1. Acompanhei como pude a viagem apostólica
do Papa Francisco aos países bálticos –
Letónia, Estónia e Lituânia – entre 23 e 26
de setembro. Prestou homenagem às vítimas
de dois dos grandes totalitarismos do
século XX: o nazismo e o comunismo.
Concluída a visita, já no Vaticano, o Papa declarou:
“É impressionante ver até onde pode chegar a crueldade
humana. Vamos pensar sobre isso”, pediu aos peregrinos
reunidos na Praça de São Pedro, para a audiência
pública semanal.
Recordou que em Vilnius prestou homenagem às vítimas
do genocídio judaico “75 anos depois do encerramento
do grande gueto, que era antecâmara de morte
para dezenas de milhares de judeus”.
“Ao mesmo tempo, disse, visitei o Museu das Ocupações
e Lutas pela Liberdade: parei em oração nos quartos
onde os opositores do regime foram detidos, torturados
e mortos. Matavam mais ou menos quarenta
pessoas por noite”.
O Papa falou dos mártires católicos e do “grande testemunho
que deram e ainda dão tantos padres, religiosos
e religiosas idosos, que sofreram calúnias, prisões e
deportações”.
2. Esta visita do Papa é, com efeito, oportunidade para
recordar os mártires de todos os tempos, mas particularmente
os do século XX. Folheei, a propósito, dois
esclarecedores livros: «Os Mártires Católicos do Século
XX», de Robert Royal, e «O Século do Martírio», de
Andrea Riccardi.
O século XX foi um século de grande desumanidade
e sangrentas carnificinas provocadas não apenas pelas
duas guerras mundiais e pela guerra civil de Espanha mas
também por grandes perseguições ideológicas, de que
foram particularmente vítimas os judeus e os cristãos.

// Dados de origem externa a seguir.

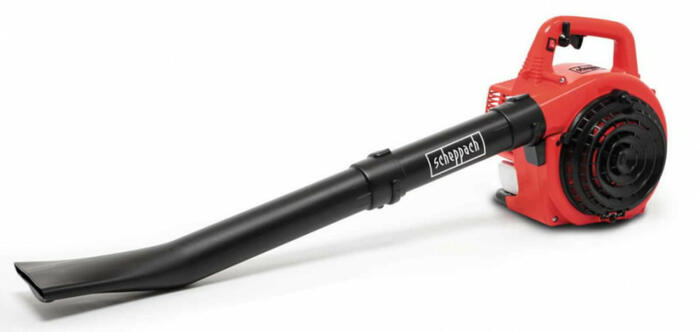 Воздуходувка 25.4CC LBH2600P 5911104903 SCHEPPACH (5911104903)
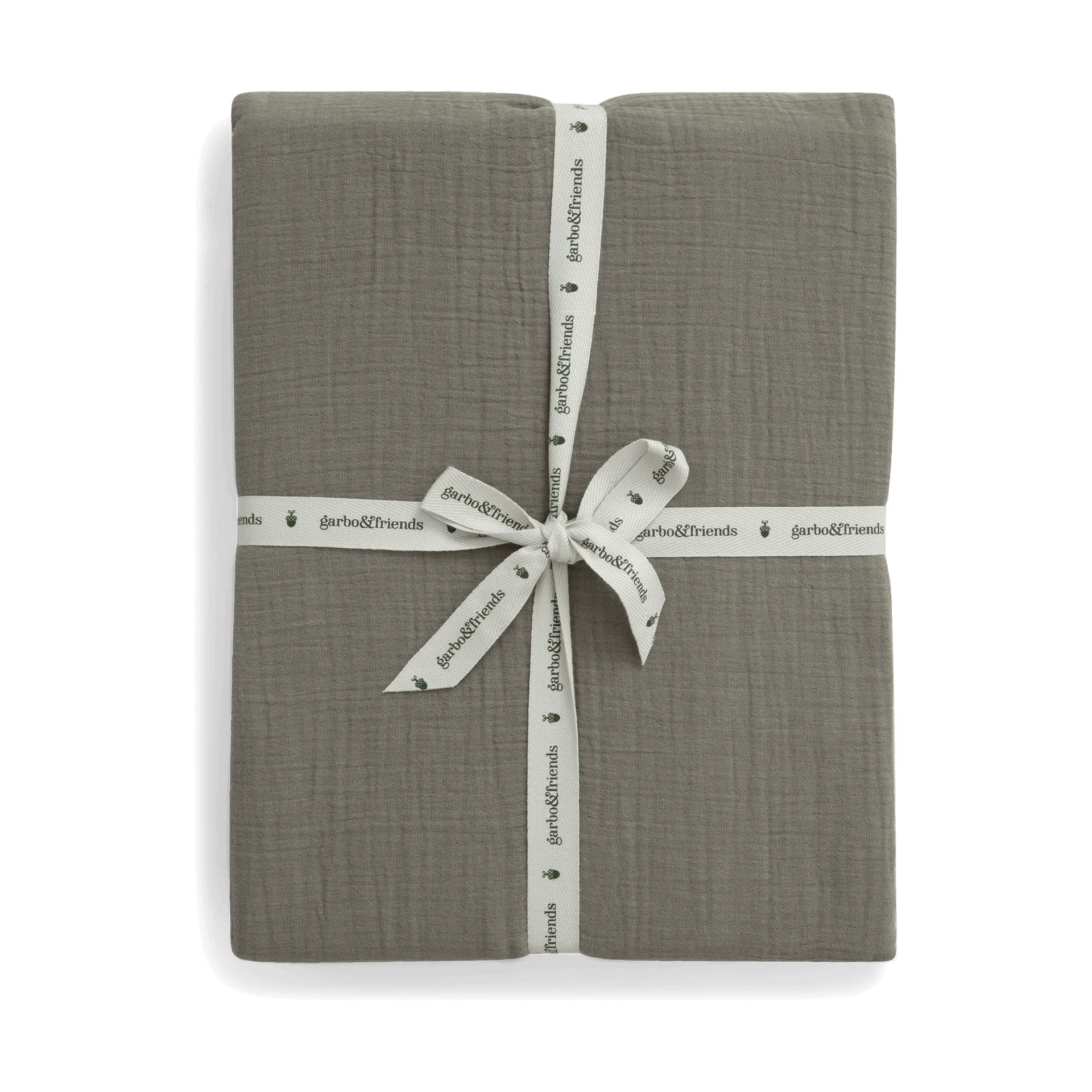 제라늄 무슬린 매트리스 커버, 60x120x20 cm Garbo&Friends | 가르보앤프랜즈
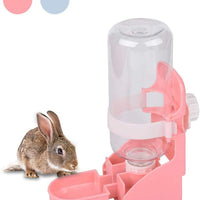 Kathson - Alimentador de agua para conejo (17 oz) - BESTMASCOTA.COM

3. Refiro particularmente as perseguições de que foram
vítimas os cristãos, mas não devo esquecer as perseguições
de que foram objeto muitos outros, pelos
mais diversos motivos. Perseguições que conduziram
à morte violenta e perseguições que infernizaram
a vida às pessoas, marginalizando-as ou
criando-lhes difíceis ou até insuportáveis condições
de vida. Também é perseguição arrumar seres
humanos na prateleira ou massacrá-los com
o assédio sexual.
4. As perseguições têm na base o desrespeito
pela vida e pela dignidade do ser humano. A violação
do direito que todos possuem de, não ofendendo
os outros, fazerem as suas opções, a nível
religioso, político e outros.
Aquele que escolheu apoiar um clube diferente
do da minha simpatia nem por isso deixa
de ser uma pessoa como eu e de ter o direito de
ser respeitado na sua dignidade, nos seus direitos,
nos seus bens.
As diferentes opções não devem ser motivo para
ver no outro um inimigo e de o tratar como tal.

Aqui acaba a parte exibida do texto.